2. Leadless pacemaker generators may be more difficult to remove and replace than traditional pacemaker generators. The current battery longevity estimates for single-chamber leadless pacemakers that are commercially available in the USA and Europe range from 5 to 20 years depending on percentage pacing, capture thresholds, and single or dual design. Younger patients who require extended pacemaker performance may need multiple reimplants as devices reach the end of service. It remains unclear whether removing the original implant at the end of service improves or worsens patient outcomes.

3. Ventricular leadless pacemakers that do not track the atrium (VVI or VDD with inadequate atrial sensing) may cause pacemaker syndrome. Pacemaker syndrome occurs in up to 20% of patients in sinus rhythm who are paced in VVI mode and is characterized by lightheadedness, shortness of breath, fatigue, and heart failure symptoms (25). Pacemaker syndrome is best treated with the restoration of atrioventricular synchrony through device reprogramming or implantation of a dual-chamber device.

Conduction system pacemakers: preventing and treating pacemaker-induced and left bundle branch block-mediated cardiomyopathies

While leadless pacing has addressed the long-standing problems of lead fracture, venous occlusion, and device infection, conduction system pacing addresses the problems of dyssynchrony and PICM. Conduction system pacing is performed by pacing either the His bundle or the left bundle branch. Due to superior short- and long-term performance, left bundle branch area pacing (LBBAP) now comprises >90% of implanted conduction system pacemakers. LBBAP can be performed by accessing the left ventricular conduction system by implanting the pacemaker lead from the RV through the interventricular septum. In contrast to RV pacing, PICM has not been reported after successful LBBAP implantation. The implantation time and complication frequency are similar to RV lead placement (26) after sufficient experience. The most frequent complications are lead dislodgement and perforation of the ventricular septum into the LV (26). In addition to its usefulness in the setting of AV block, LBBAP may also be a suitable alternative to biventricular pacing (BIVp) for patients with underlying dyssynchrony occurring in the setting of a wide intrinsic QRS, particularly from left bundle branch block (27). The implantation success defined using ECG criteria to verify left bundle branch capture is 92% for patients without heart failure and 82% for patients with heart failure (26). LBBAP for delivery of cardiac resynchronization therapy (CRT) may reduce lead burden and potentially reduce lead-related complications, including venous stenosis and infection, compared to BIVp as resynchronization can be performed via one rather than two ventricular leads.

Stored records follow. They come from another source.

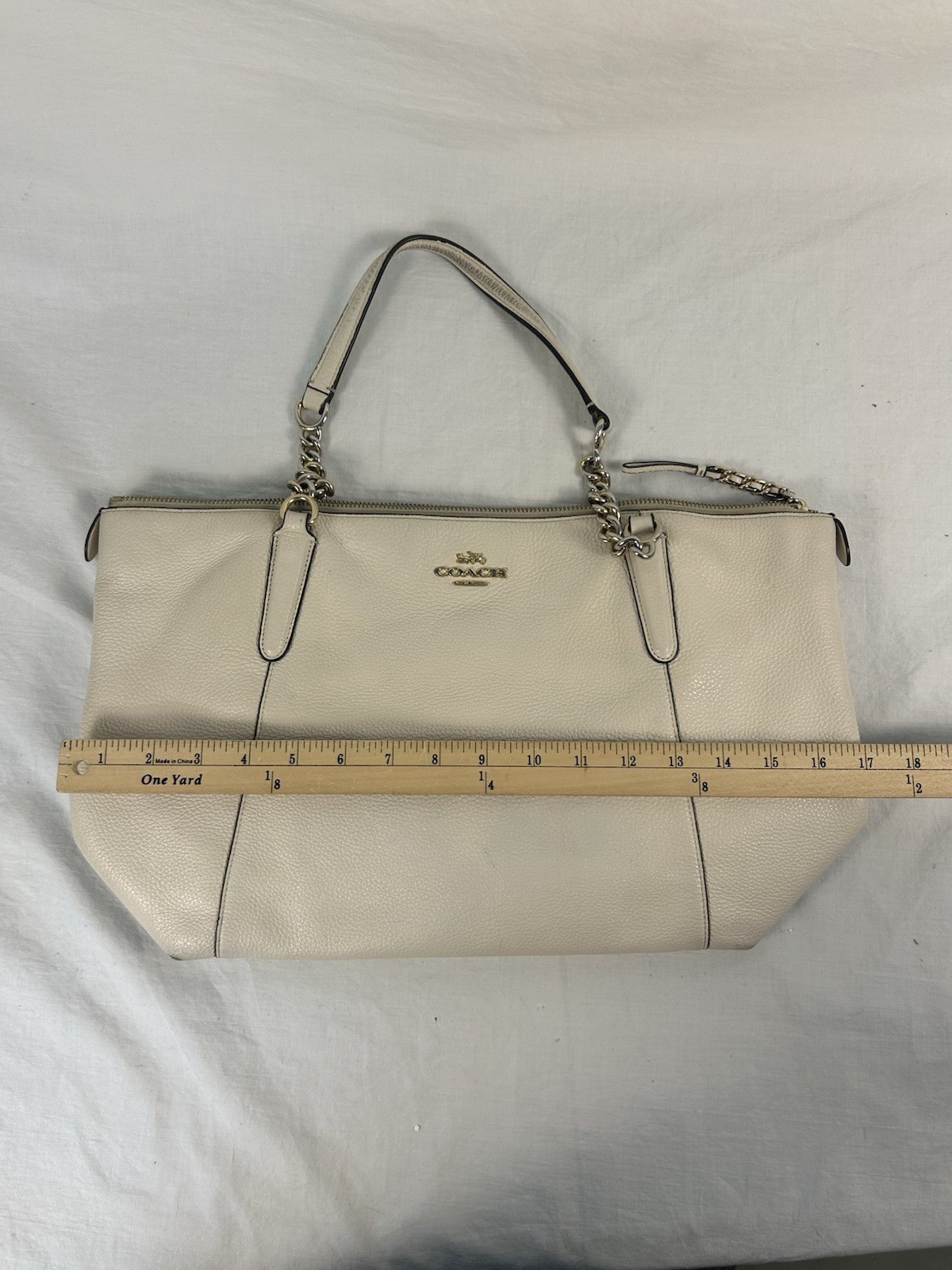 Coach F29007 Ava Chain Tote In Ivory Crossgrain Leather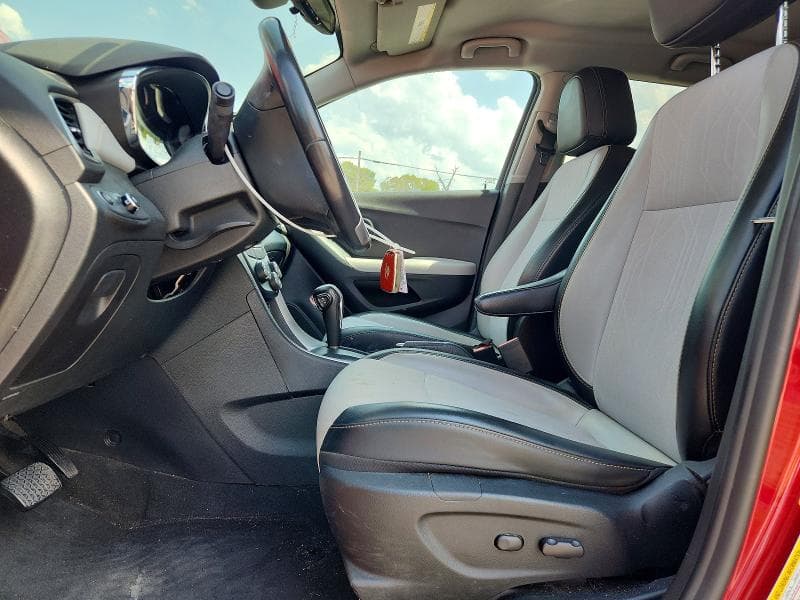 2019 CHEVROLET TRAX 1LT 7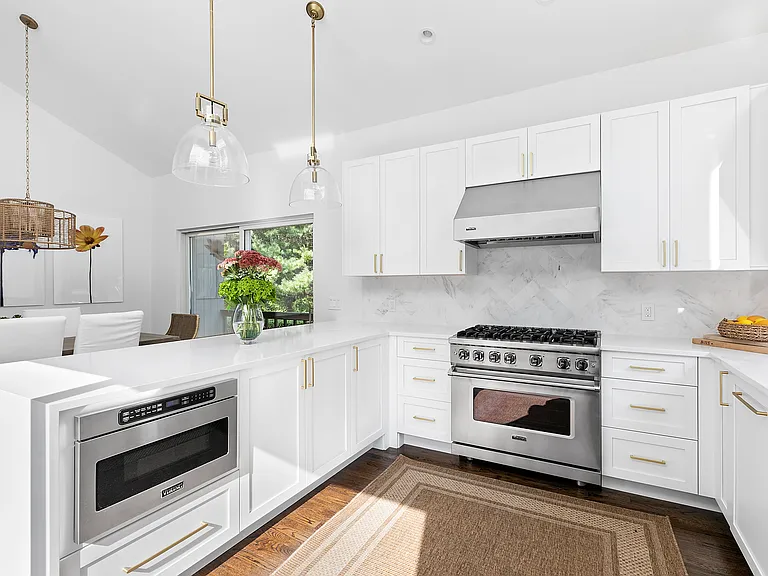 570 Sag Harbor Tpke — Photo 9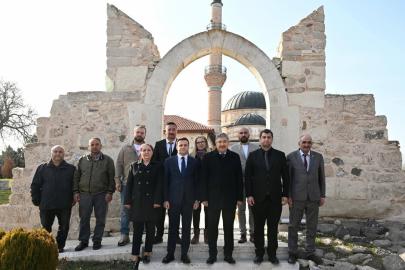 Eskişehir Valimiz  Yılmaz Sücaaddin Veli Türbesini ziyaret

A recent prospective study comparing LBBAP and BIVp as an initial strategy in those referred for CRT demonstrated lower rates of the composite endpoint of heart failure hospitalization and mortality for patients treated with LBBAP compared to those treated with BIVp (28). A large prospective randomized controlled trial comparing LBBAP and BiVp for treatment of HF in the setting of LBBB or high expected pacing burden is currently enrolling (NCT05650658).

Because LBBAP is relatively new, limited data are available regarding the long-term durability or ease of extraction of leads placed in the left bundle area. A series of case reports, consisting of <10 patients who underwent extraction of both lumenless and stylet-driven leads, show that the majority of leads can be successfully removed using manual traction and counterclockwise rotation of the lead. One report using mechanical extraction tools demonstrated that the distal lead helix was retained in the septum after extraction, but this did not result in an adverse patient outcome (29).

A difficult decision: transvenous RV pacing, transvenous left bundle branch area pacing, or RV leadless pacing?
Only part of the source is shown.